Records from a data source

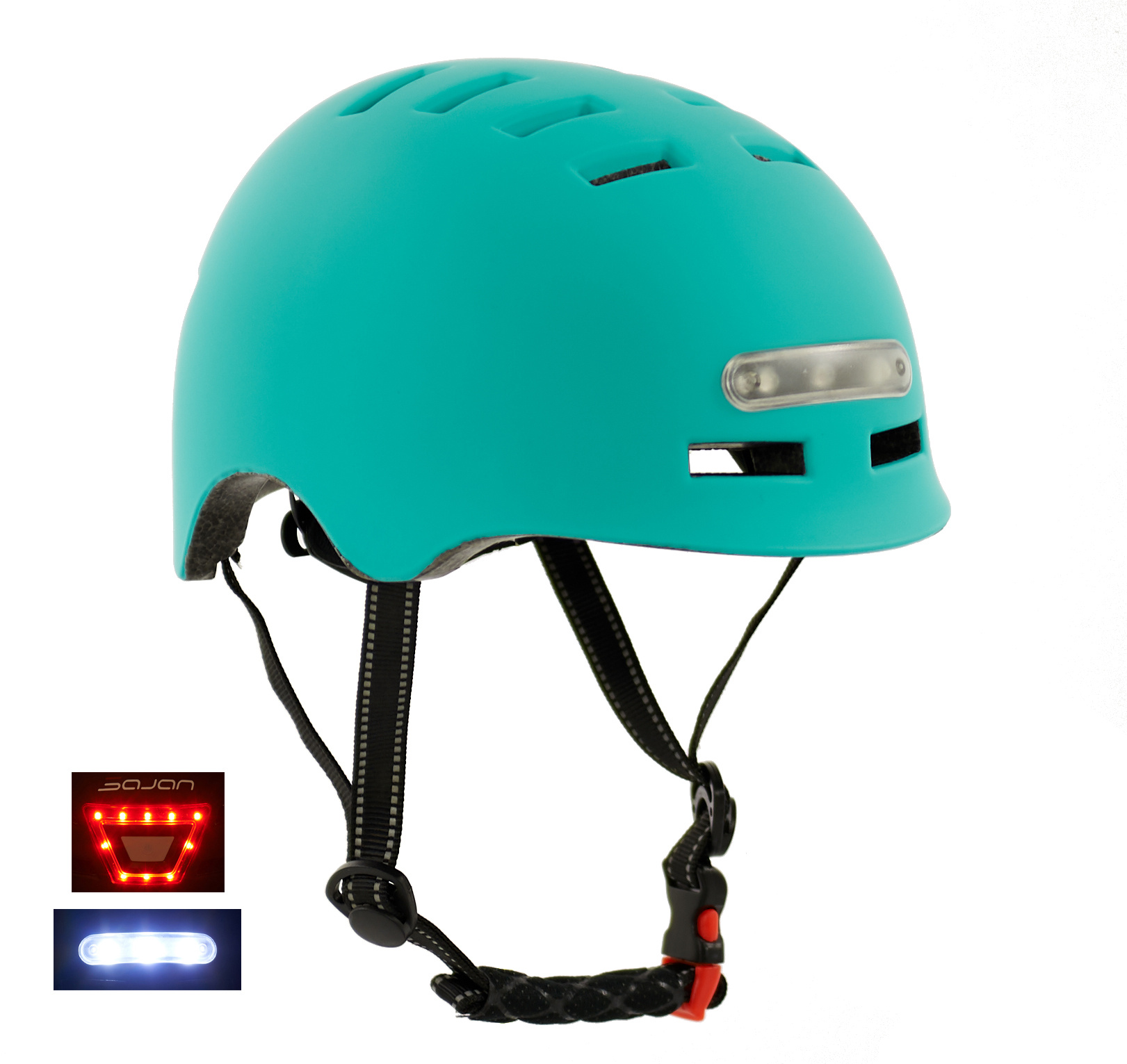 karbonade Indiener Verschuiving Sajan Fietshelm - Skatehelm Mat-Turquoise - LED Verlichting | Prijskiller.nl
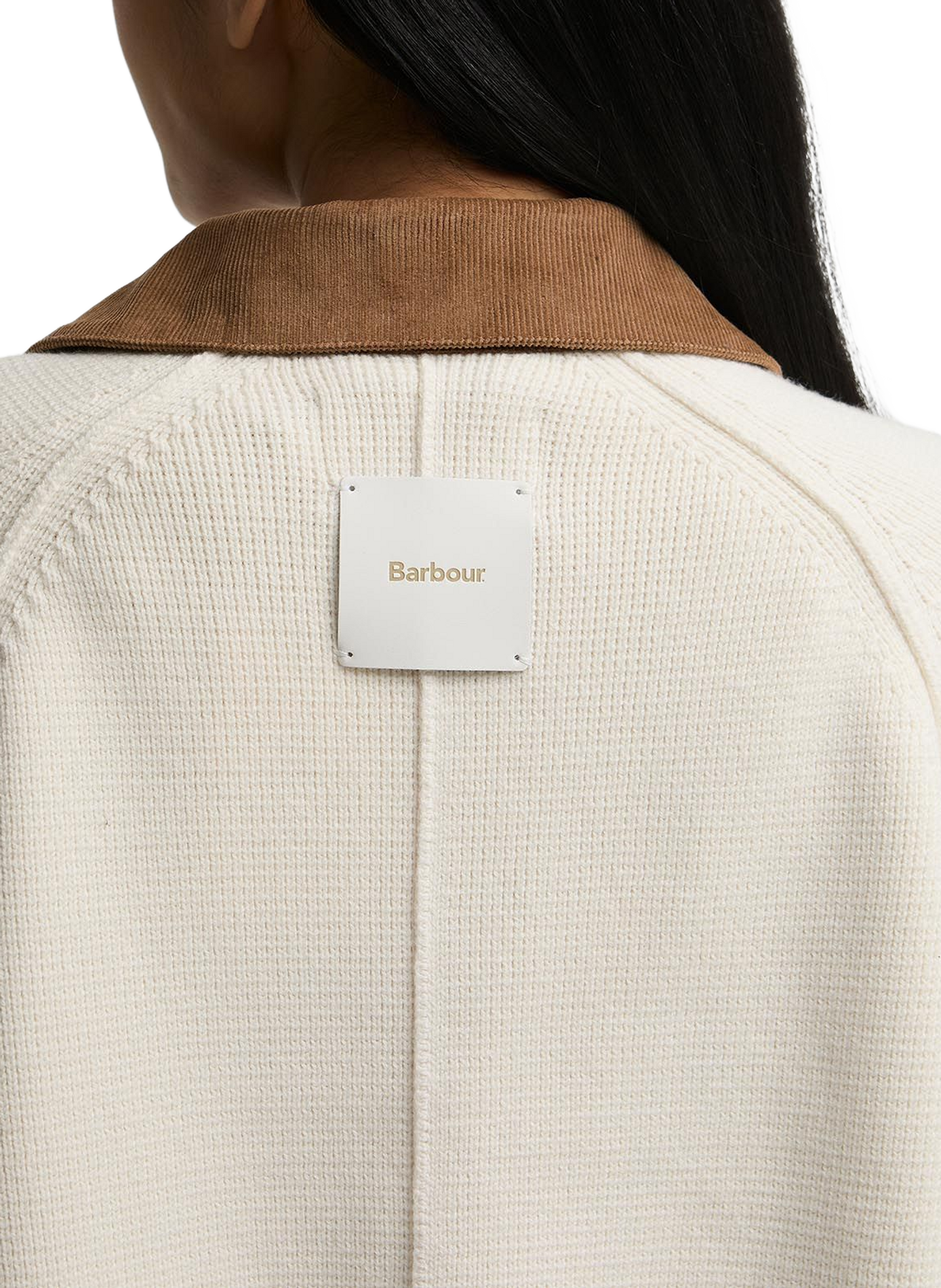 Cardigan côtelé en coton et laine mérinos BARBOUR Beige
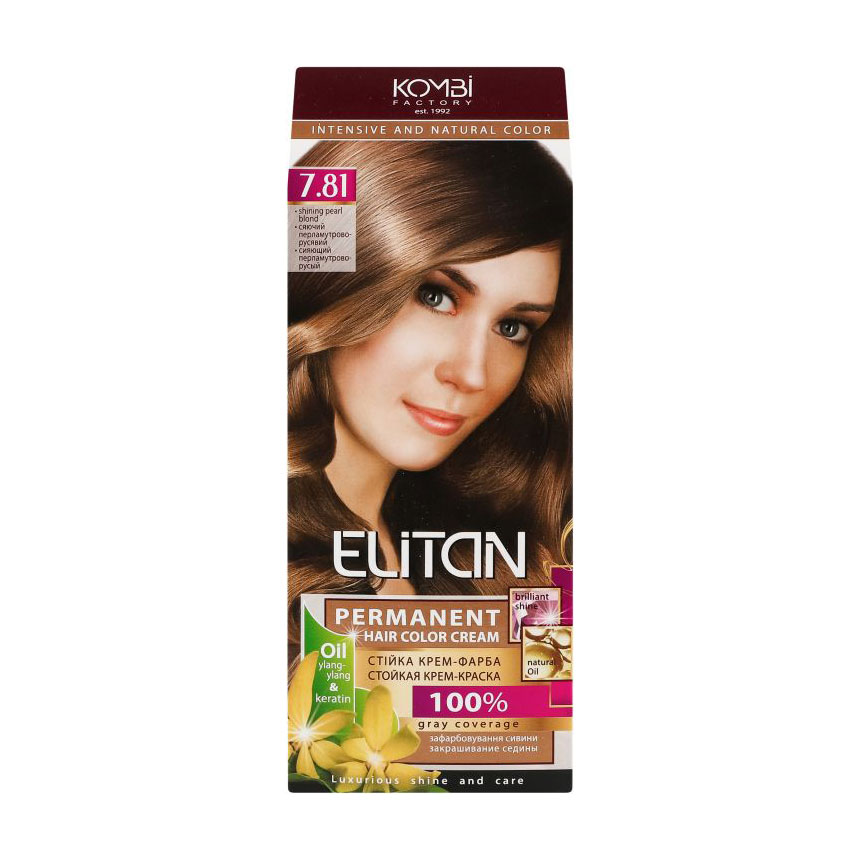 

Крем-фарба для волосся Elitan Intensive And Natural Color 7.81 Сяючий перламутрово-русявий, 115 мл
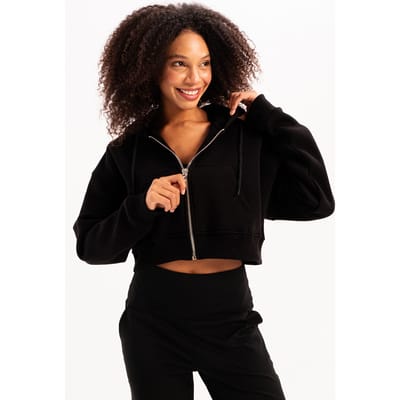 JUSTEVER Crop Hooded Hooded Zippered Kangaroo Pocket Raised Black Women's Sweatshirt - Lumen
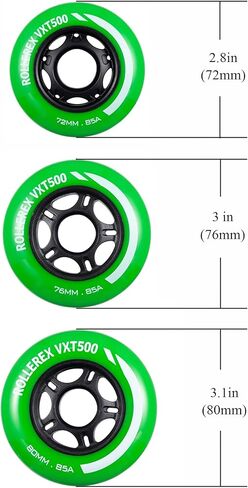 Rollerex VXT500 RipStik/Inline Skate Wheels (2-pack w/bearings, spacers and washers) (Use on Hockey Roller Blades) - Can Be Used As RipStik Caster Board Wheel Replacements in Saudi Arabia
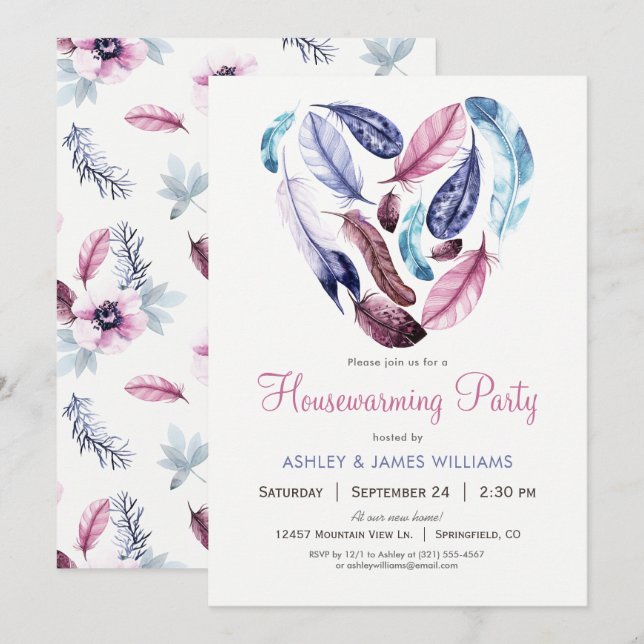 Invitation Plumes roses et violettes Fête de chauffage domest (Devant / Derrière)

:: Exercise brief ::
Set down the records above exactly, leaving out pictures.

:: Answer for this exercise ::
 karbonade Indiener Verschuiving Sajan Fietshelm - Skatehelm Mat-Turquoise - LED Verlichting | Prijskiller.nl
 Cardigan côtelé en coton et laine mérinos BARBOUR Beige

Крем-фарба для волосся Elitan Intensive And Natural Color 7.81 Сяючий перламутрово-русявий, 115 мл
 JUSTEVER Crop Hooded Hooded Zippered Kangaroo Pocket Raised Black Women's Sweatshirt - Lumen
 Rollerex VXT500 RipStik/Inline Skate Wheels (2-pack w/bearings, spacers and washers) (Use on Hockey Roller Blades) - Can Be Used As RipStik Caster Board Wheel Replacements in Saudi Arabia
 Invitation Plumes roses et violettes Fête de chauffage domest (Devant / Derrière)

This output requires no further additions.